As a scholar, musician, and co-owner of BlackStar Books and Caffe, Johnson was deeply embedded within the community he studied. This insider position allowed him to bring both intimate knowledge and critical analysis to his examination of how marronage operates as a diasporic practice in twenty-first-century New Orleans. His dual role as participant and observer shapes the book's methodology, granting him access to community deliberations, conflicts, and aspirations that would remain invisible to outside researchers. Yet Johnson navigates this position thoughtfully, balancing his personal investments with scholarly rigor and maintaining transparency about the ethical complexities of documenting a community to which he remains accountable.
I approached this book as a Filipino-American settler on lands built by enslaved peoples, bringing my ongoing journey toward understanding decoloniality and dismantling white supremacy.

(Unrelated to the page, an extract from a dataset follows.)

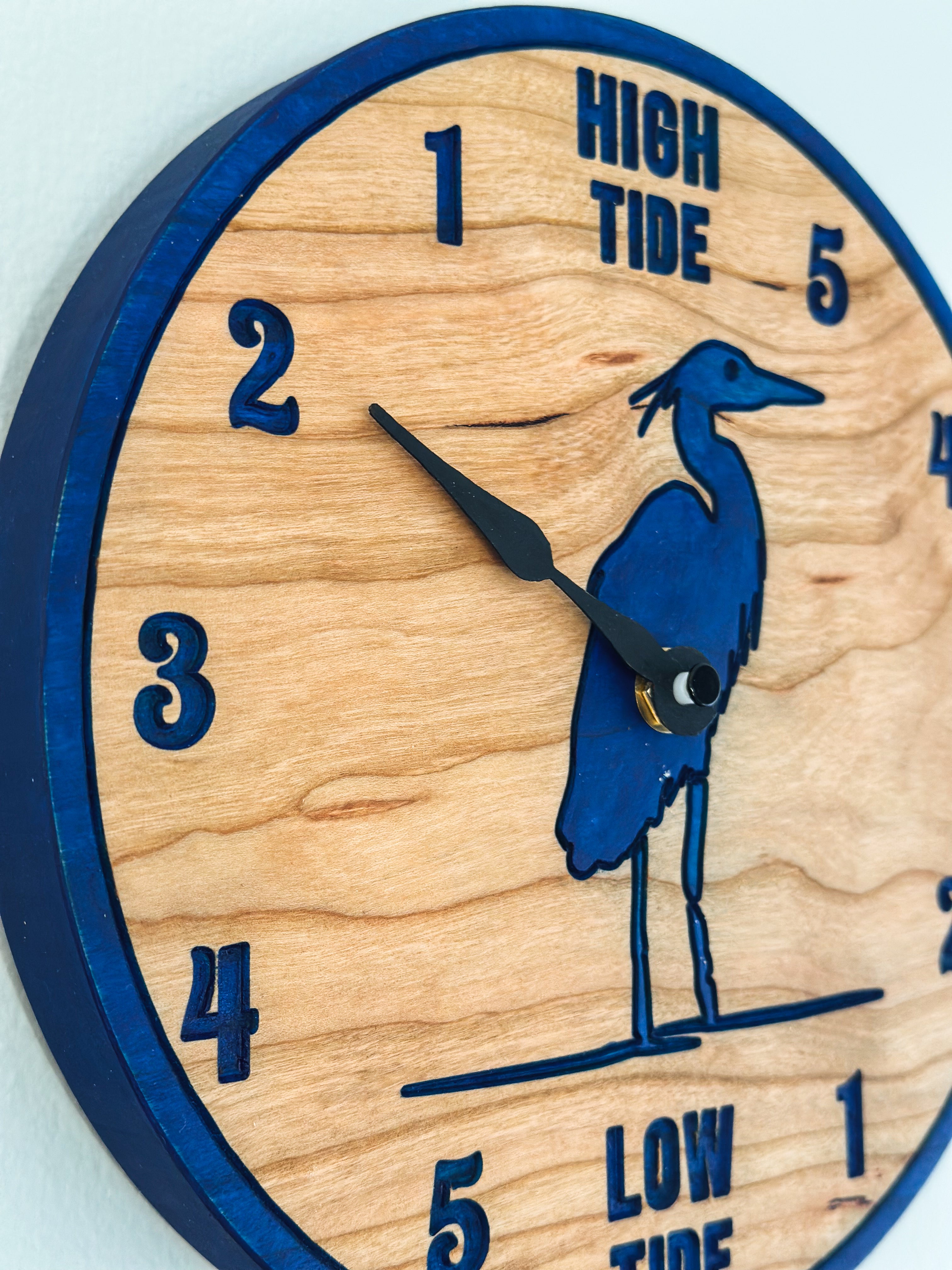 Wooden clock with blue heron design and tide markings on a light background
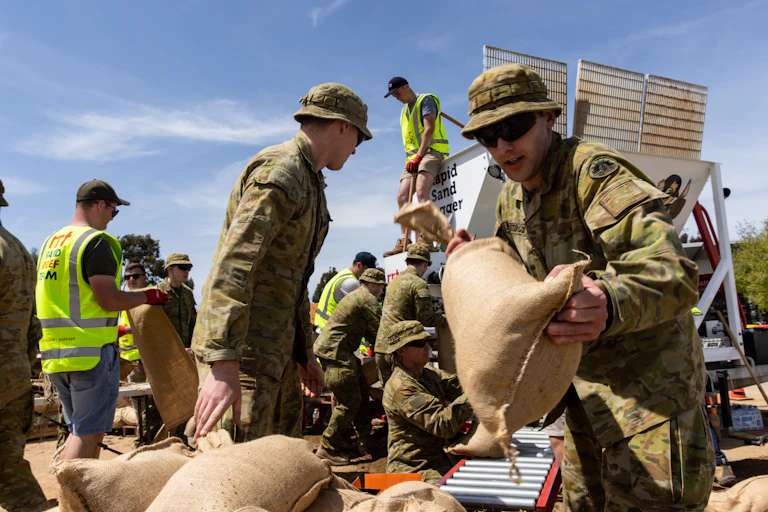Several Australian soldiers in afrmy fatigues filling and carrying sand bags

I appreciate Johnson’s commitment to foregrounding the integrity and dignity of the BlackStar community members he lived among and befriended, which offered a powerful model for ethical scholarship and solidarity.
By declaring his "first loyalty" to the community, Johnson honors their stories as a trustworthy confidante rather than a detached observer. I thought that this ethical stance – one in which he privileges community accountability over academic conventions – challenges readers to consider whose voices are centered in scholarship about resistance and self-determination. For me, Johnson's approach illuminated how solidarity requires not just learning from marginalized communities but also recognizing one's own position within systems of power and practicing genuine accountability to those most impacted by oppression.